• **Work instructions**:
Each line of the records below that contains "Tour" needs to be copied.

[[ Data for this exercise open ]]

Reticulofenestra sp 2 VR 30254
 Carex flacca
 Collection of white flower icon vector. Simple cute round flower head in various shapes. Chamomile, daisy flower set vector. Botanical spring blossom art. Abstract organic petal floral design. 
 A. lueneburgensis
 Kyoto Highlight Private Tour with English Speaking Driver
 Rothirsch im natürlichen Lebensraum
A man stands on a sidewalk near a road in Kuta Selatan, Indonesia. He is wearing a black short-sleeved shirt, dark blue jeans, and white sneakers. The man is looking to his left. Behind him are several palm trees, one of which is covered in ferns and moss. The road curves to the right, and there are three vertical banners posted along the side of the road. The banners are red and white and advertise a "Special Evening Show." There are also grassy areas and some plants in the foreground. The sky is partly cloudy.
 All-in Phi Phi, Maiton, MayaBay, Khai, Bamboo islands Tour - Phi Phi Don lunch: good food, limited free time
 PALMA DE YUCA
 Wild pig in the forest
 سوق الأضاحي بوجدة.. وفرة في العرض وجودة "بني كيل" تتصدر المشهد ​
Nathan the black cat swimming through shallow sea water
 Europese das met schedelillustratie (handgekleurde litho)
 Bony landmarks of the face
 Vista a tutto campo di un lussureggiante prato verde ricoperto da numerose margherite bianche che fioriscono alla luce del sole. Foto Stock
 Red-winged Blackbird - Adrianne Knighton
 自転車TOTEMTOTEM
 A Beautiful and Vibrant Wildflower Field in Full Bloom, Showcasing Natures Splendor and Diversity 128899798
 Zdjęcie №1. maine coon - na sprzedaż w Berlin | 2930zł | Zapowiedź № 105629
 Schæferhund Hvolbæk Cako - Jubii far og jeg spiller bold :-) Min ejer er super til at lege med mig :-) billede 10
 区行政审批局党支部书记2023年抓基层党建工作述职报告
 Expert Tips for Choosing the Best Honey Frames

[[ Data for this exercise closed ]]

• **Finished task**:
 Kyoto Highlight Private Tour with English Speaking Driver
 All-in Phi Phi, Maiton, MayaBay, Khai, Bamboo islands Tour - Phi Phi Don lunch: good food, limited free time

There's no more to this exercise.